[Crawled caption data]
----------------------------------------
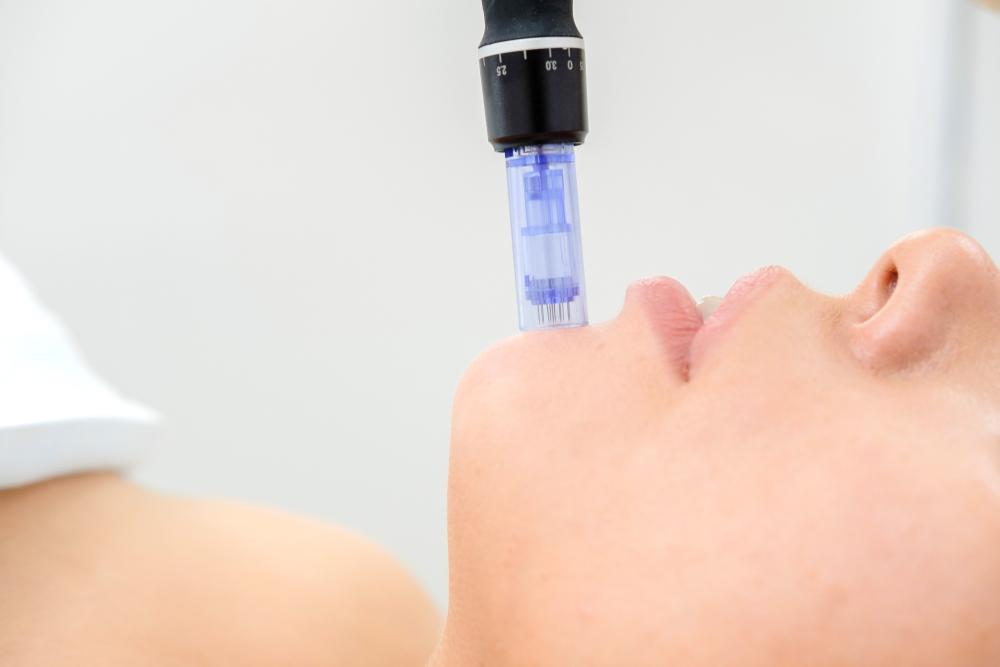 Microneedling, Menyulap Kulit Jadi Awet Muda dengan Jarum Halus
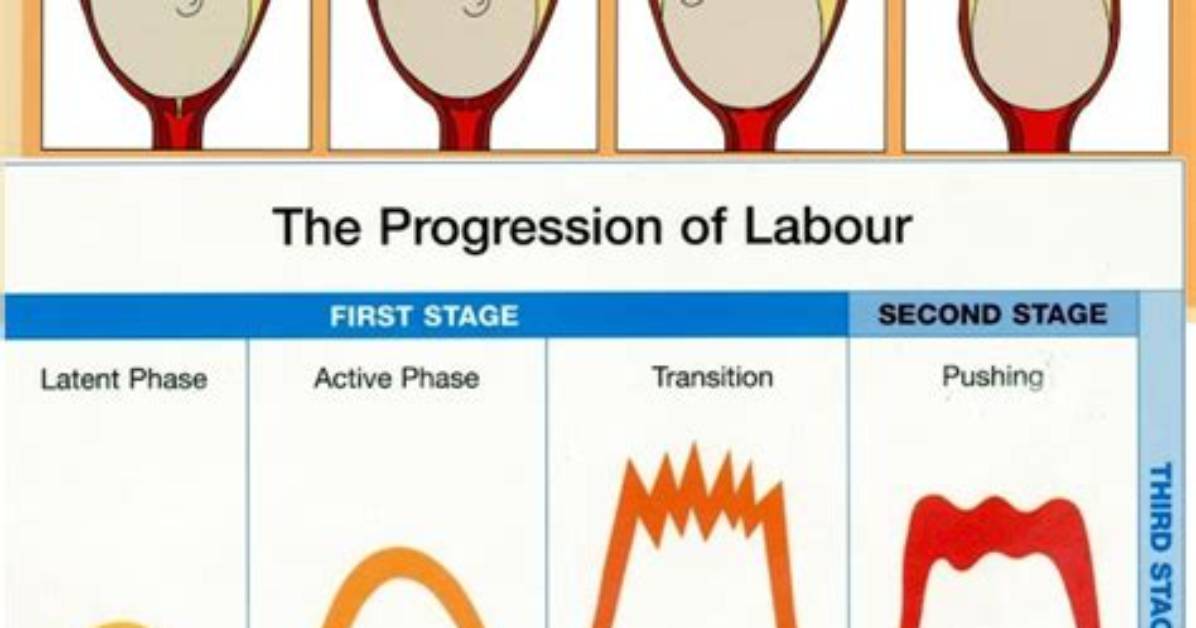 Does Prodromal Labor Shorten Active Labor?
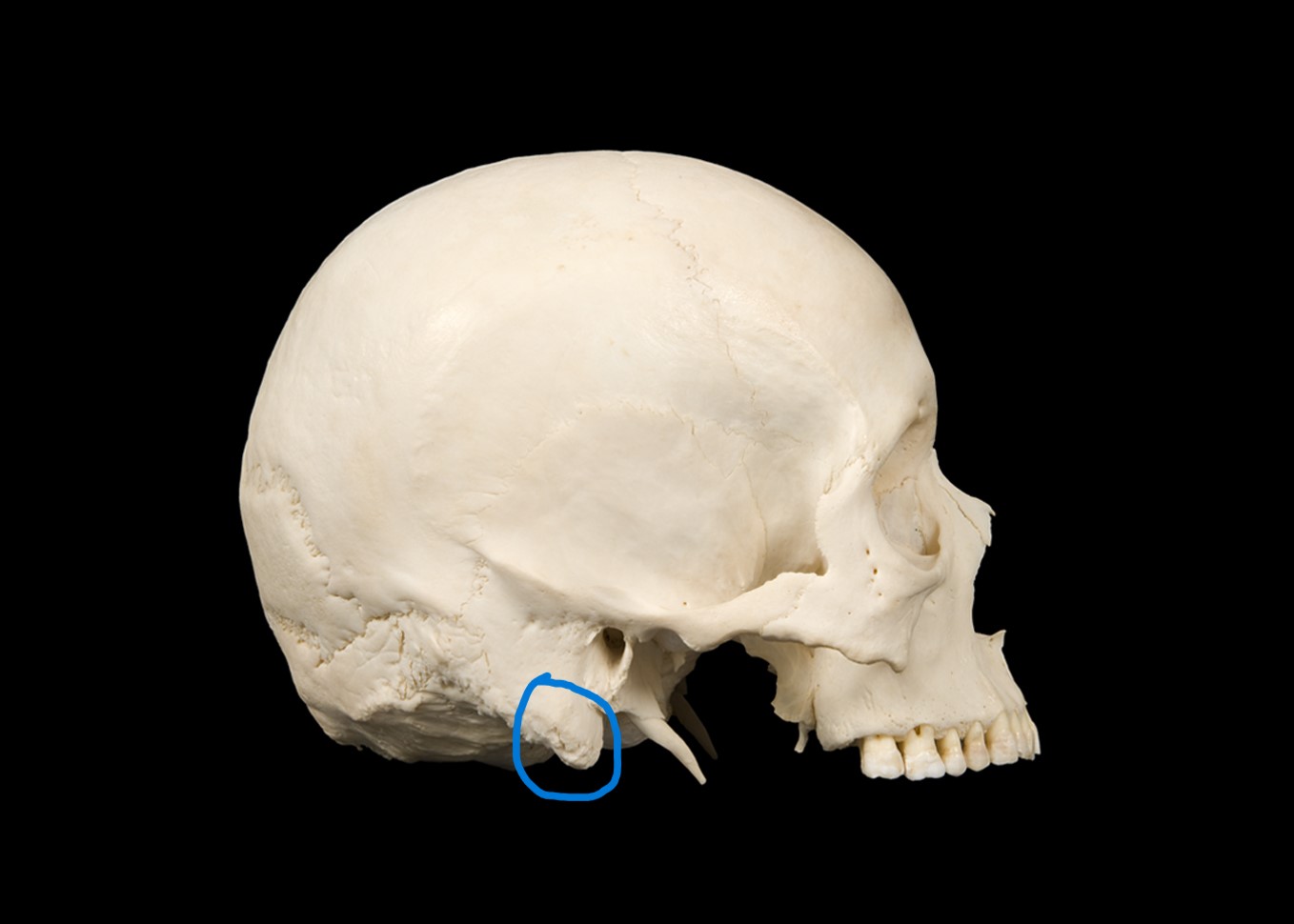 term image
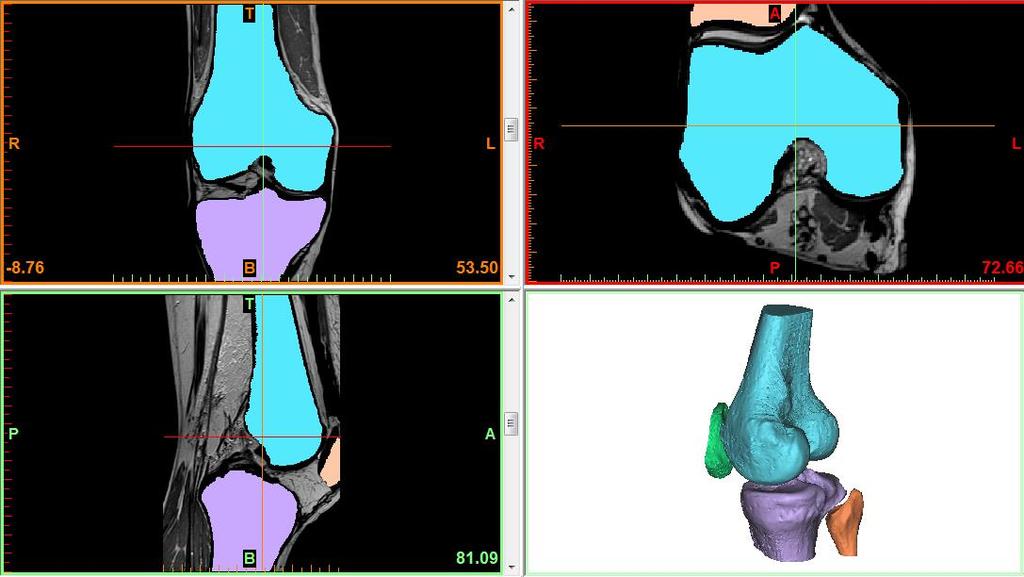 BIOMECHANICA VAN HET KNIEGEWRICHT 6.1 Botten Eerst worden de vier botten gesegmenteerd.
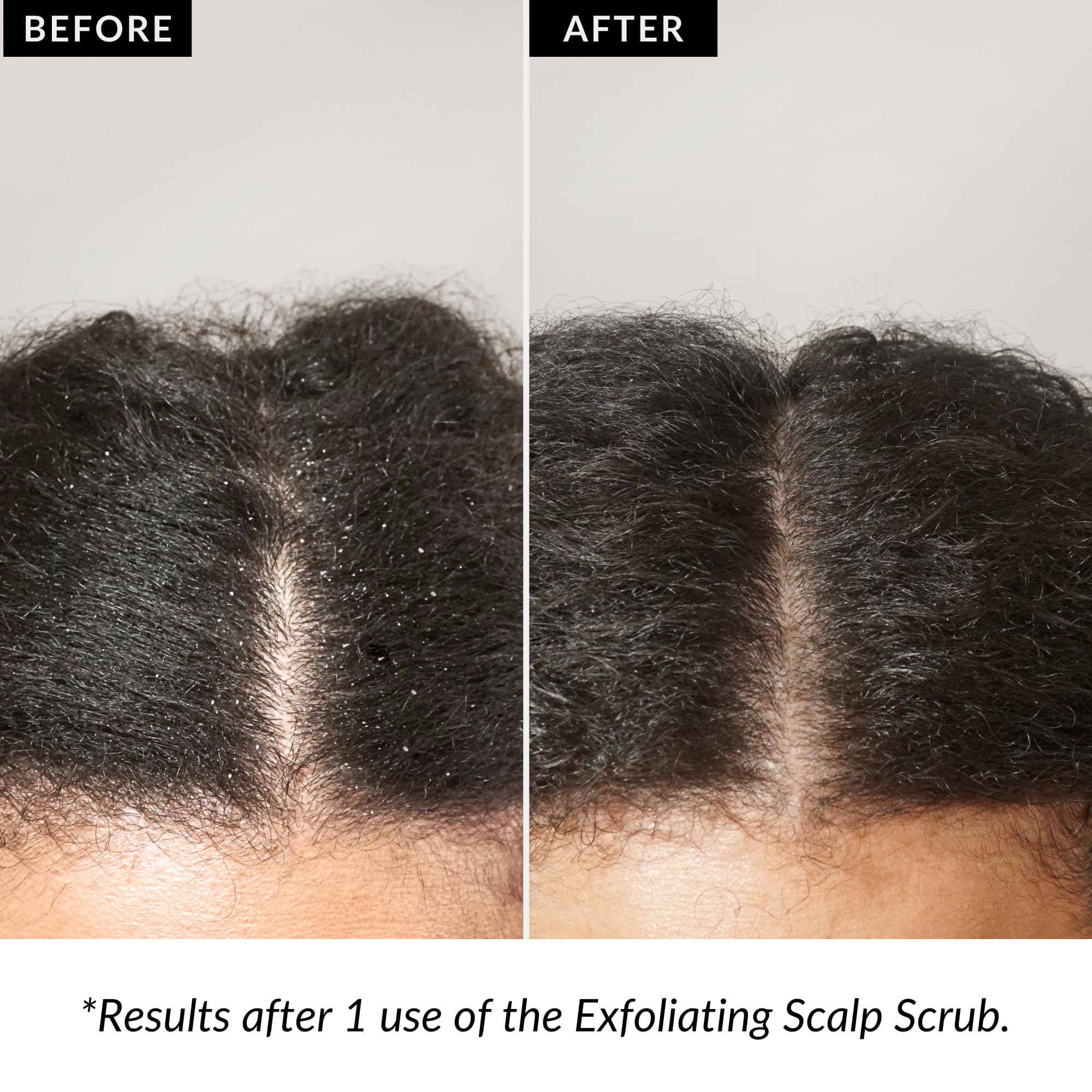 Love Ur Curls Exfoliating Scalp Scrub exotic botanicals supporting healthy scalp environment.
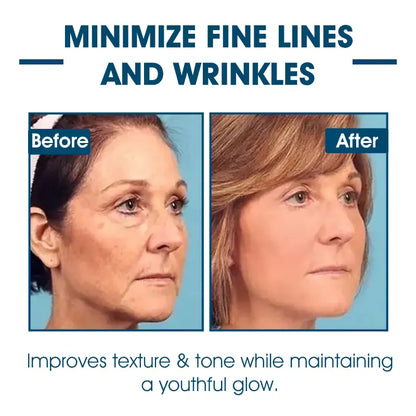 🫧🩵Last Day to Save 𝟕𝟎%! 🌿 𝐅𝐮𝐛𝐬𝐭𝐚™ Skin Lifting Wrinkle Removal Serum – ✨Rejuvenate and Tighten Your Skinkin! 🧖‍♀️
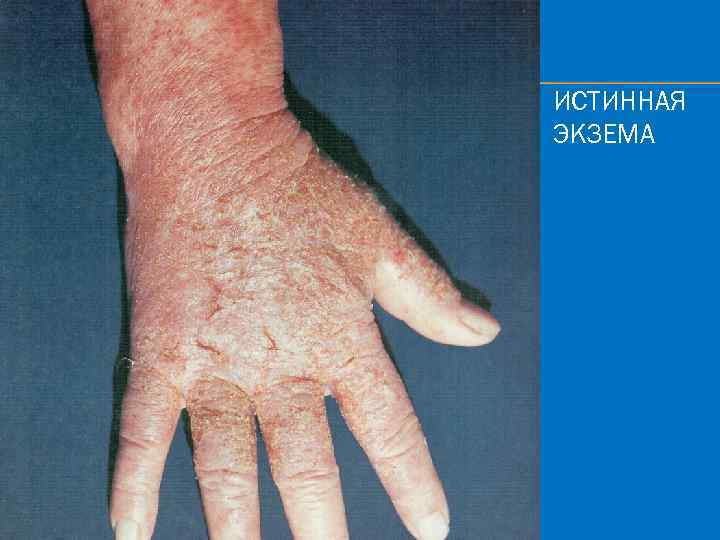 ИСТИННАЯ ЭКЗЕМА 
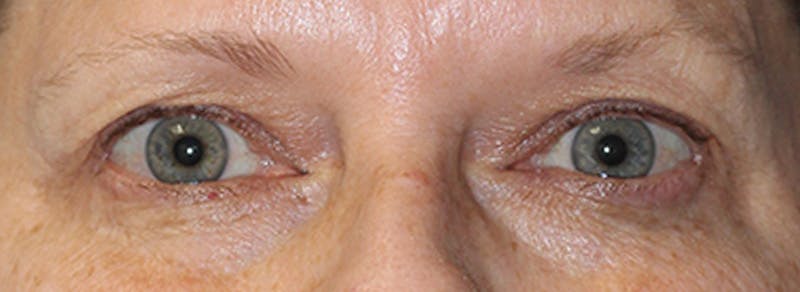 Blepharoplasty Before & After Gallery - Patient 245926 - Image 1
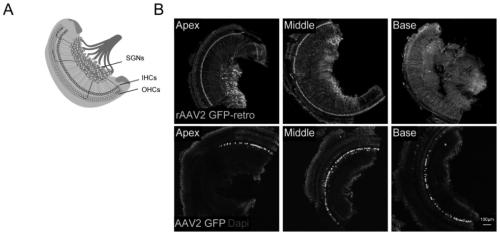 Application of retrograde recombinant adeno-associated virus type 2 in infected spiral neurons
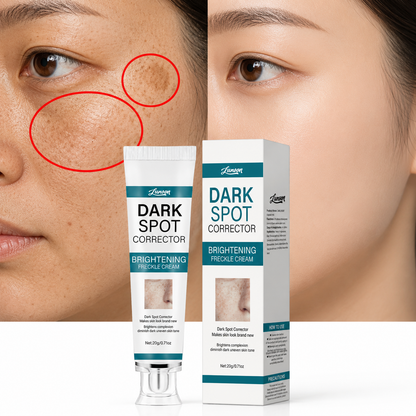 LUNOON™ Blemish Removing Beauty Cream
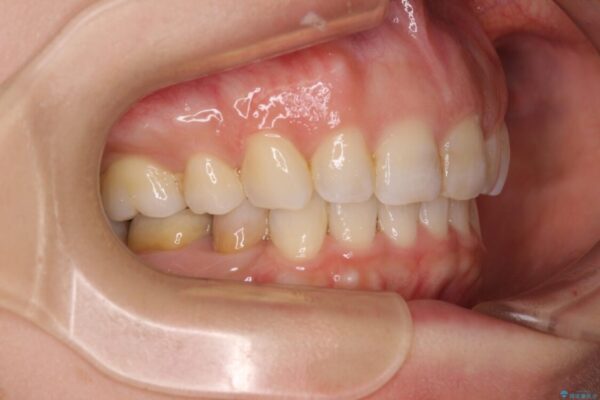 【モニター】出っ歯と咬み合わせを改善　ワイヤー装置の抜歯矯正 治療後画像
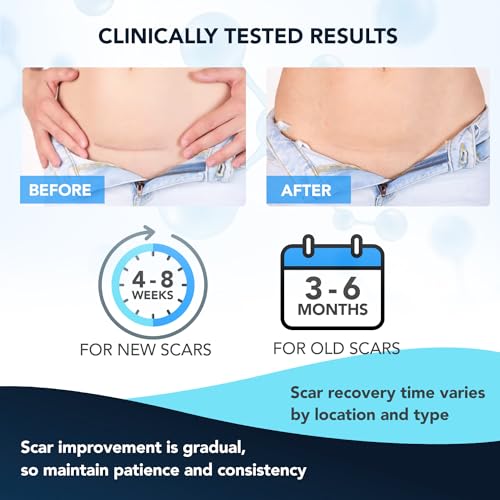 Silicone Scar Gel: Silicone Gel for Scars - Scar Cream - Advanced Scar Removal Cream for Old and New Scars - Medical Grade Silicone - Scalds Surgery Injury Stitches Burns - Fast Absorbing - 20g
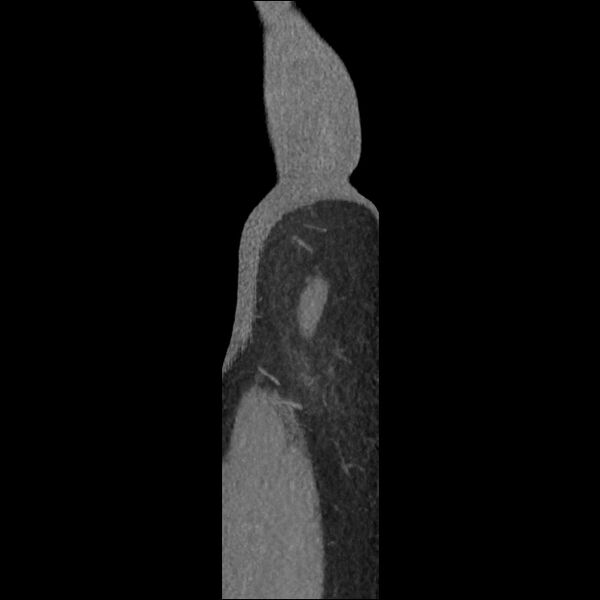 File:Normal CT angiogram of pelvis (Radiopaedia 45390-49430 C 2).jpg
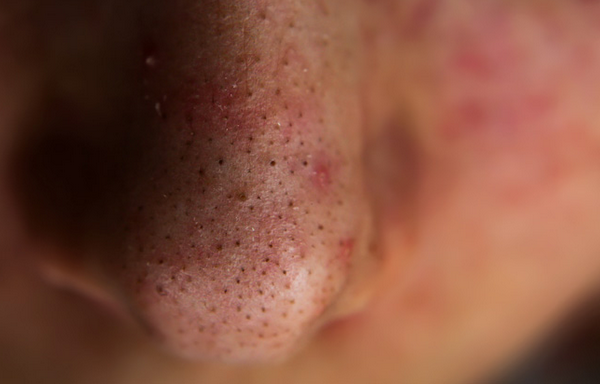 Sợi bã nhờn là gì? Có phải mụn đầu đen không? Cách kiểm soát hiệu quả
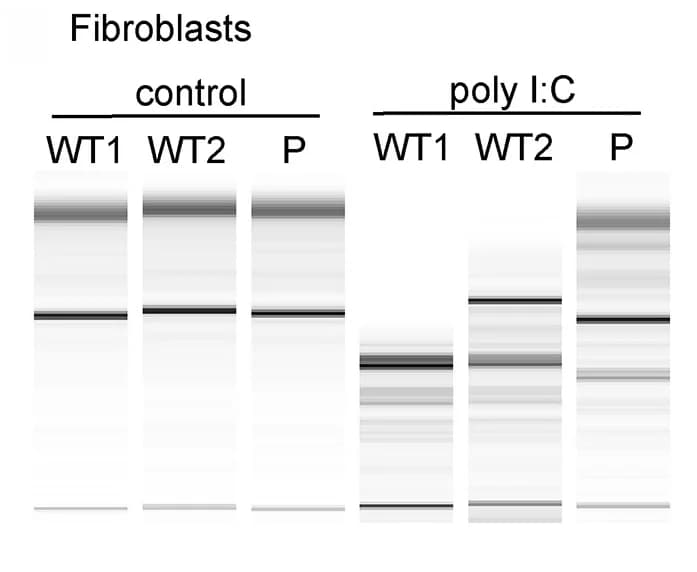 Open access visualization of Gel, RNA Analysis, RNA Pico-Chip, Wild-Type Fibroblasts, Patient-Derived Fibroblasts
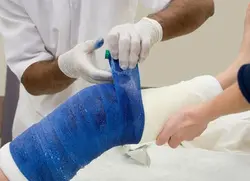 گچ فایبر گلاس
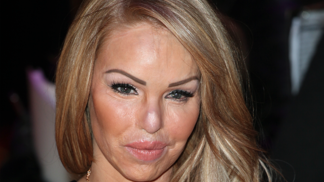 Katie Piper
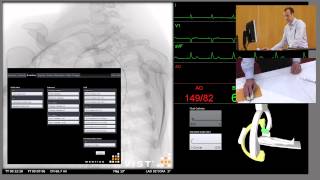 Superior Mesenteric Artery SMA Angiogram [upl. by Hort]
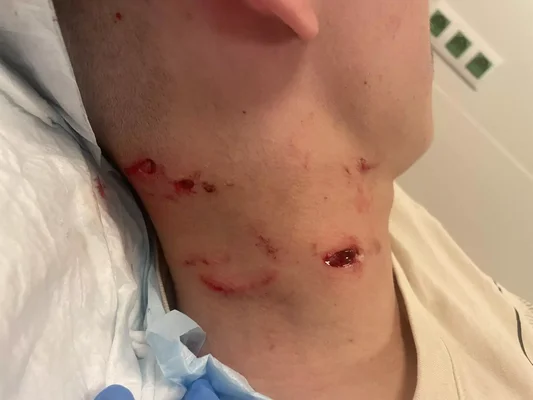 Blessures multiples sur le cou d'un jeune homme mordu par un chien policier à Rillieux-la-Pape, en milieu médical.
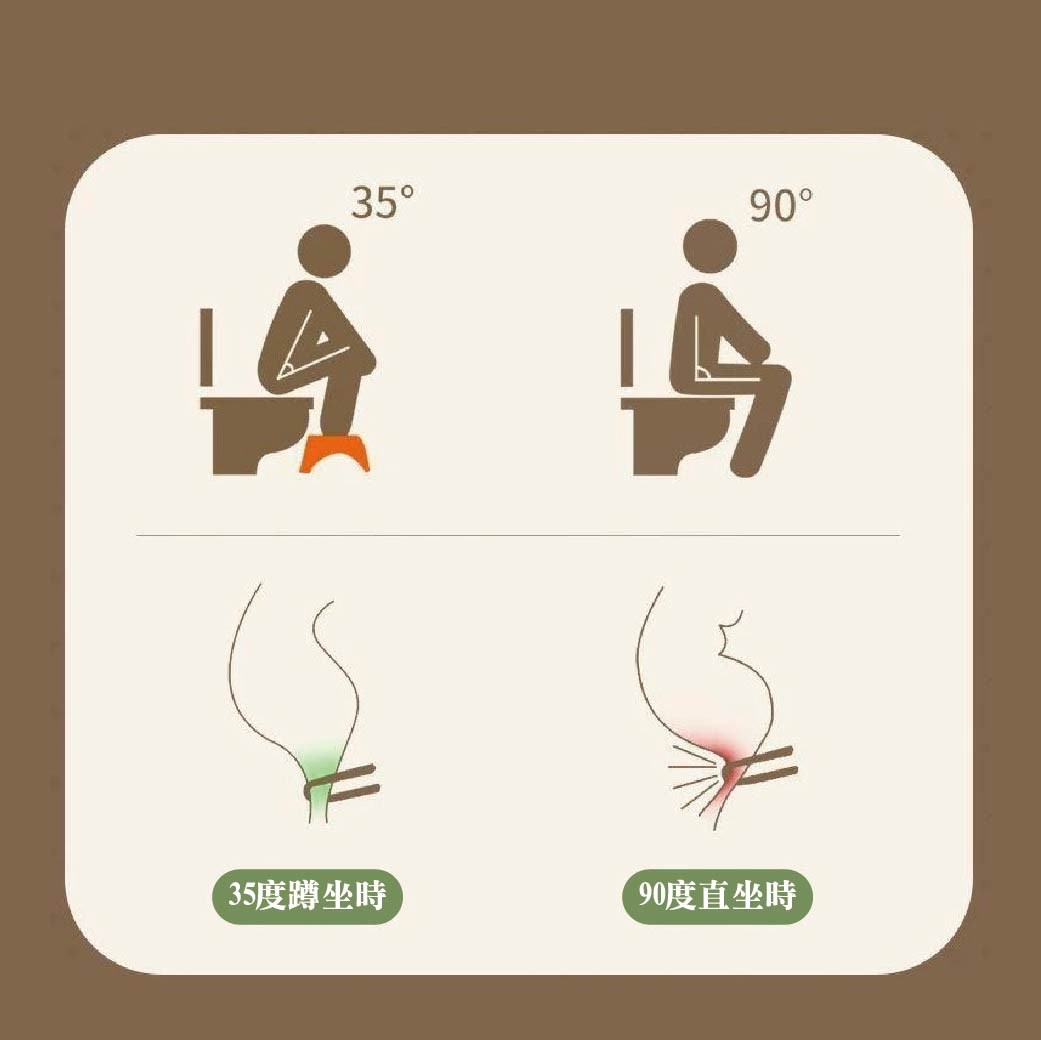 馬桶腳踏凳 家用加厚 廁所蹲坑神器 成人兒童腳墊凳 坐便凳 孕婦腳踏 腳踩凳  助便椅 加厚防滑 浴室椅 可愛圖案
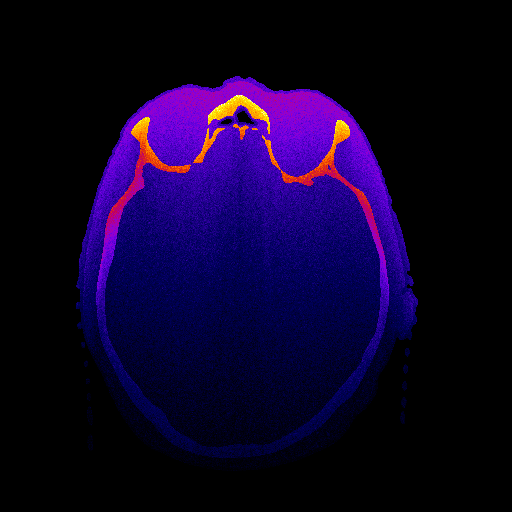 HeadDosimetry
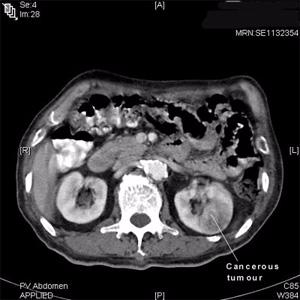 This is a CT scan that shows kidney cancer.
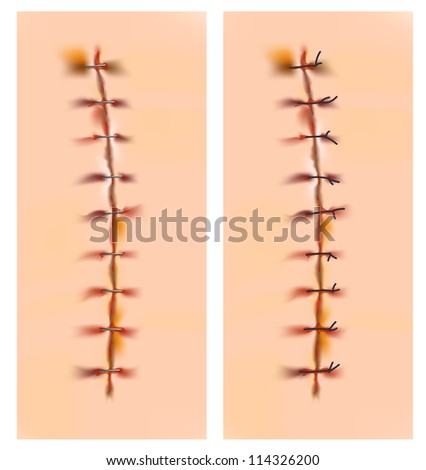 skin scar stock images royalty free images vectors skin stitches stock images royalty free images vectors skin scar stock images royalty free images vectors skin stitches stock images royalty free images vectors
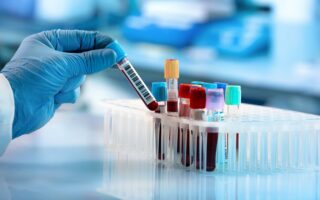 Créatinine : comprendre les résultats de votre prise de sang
----------------------------------------
Work to complete.
Your task is to repeat the data above exactly while excluding the pictures.

Answer to the problem.
 Microneedling, Menyulap Kulit Jadi Awet Muda dengan Jarum Halus
 Does Prodromal Labor Shorten Active Labor?
 term image
 BIOMECHANICA VAN HET KNIEGEWRICHT 6.1 Botten Eerst worden de vier botten gesegmenteerd.
 Love Ur Curls Exfoliating Scalp Scrub exotic botanicals supporting healthy scalp environment.
 🫧🩵Last Day to Save 𝟕𝟎%! 🌿 𝐅𝐮𝐛𝐬𝐭𝐚™ Skin Lifting Wrinkle Removal Serum – ✨Rejuvenate and Tighten Your Skinkin! 🧖‍♀️
 ИСТИННАЯ ЭКЗЕМА 
 Blepharoplasty Before & After Gallery - Patient 245926 - Image 1
 Application of retrograde recombinant adeno-associated virus type 2 in infected spiral neurons
 LUNOON™ Blemish Removing Beauty Cream
 【モニター】出っ歯と咬み合わせを改善　ワイヤー装置の抜歯矯正 治療後画像
 Silicone Scar Gel: Silicone Gel for Scars - Scar Cream - Advanced Scar Removal Cream for Old and New Scars - Medical Grade Silicone - Scalds Surgery Injury Stitches Burns - Fast Absorbing - 20g
 File:Normal CT angiogram of pelvis (Radiopaedia 45390-49430 C 2).jpg
 Sợi bã nhờn là gì? Có phải mụn đầu đen không? Cách kiểm soát hiệu quả
 Open access visualization of Gel, RNA Analysis, RNA Pico-Chip, Wild-Type Fibroblasts, Patient-Derived Fibroblasts
 گچ فایبر گلاس
 Katie Piper
 Superior Mesenteric Artery SMA Angiogram [upl. by Hort]
 Blessures multiples sur le cou d'un jeune homme mordu par un chien policier à Rillieux-la-Pape, en milieu médical.
 馬桶腳踏凳 家用加厚 廁所蹲坑神器 成人兒童腳墊凳 坐便凳 孕婦腳踏 腳踩凳  助便椅 加厚防滑 浴室椅 可愛圖案
 HeadDosimetry
 This is a CT scan that shows kidney cancer.
 skin scar stock images royalty free images vectors skin stitches stock images royalty free images vectors skin scar stock images royalty free images vectors skin stitches stock images royalty free images vectors
 Créatinine : comprendre les résultats de votre prise de sang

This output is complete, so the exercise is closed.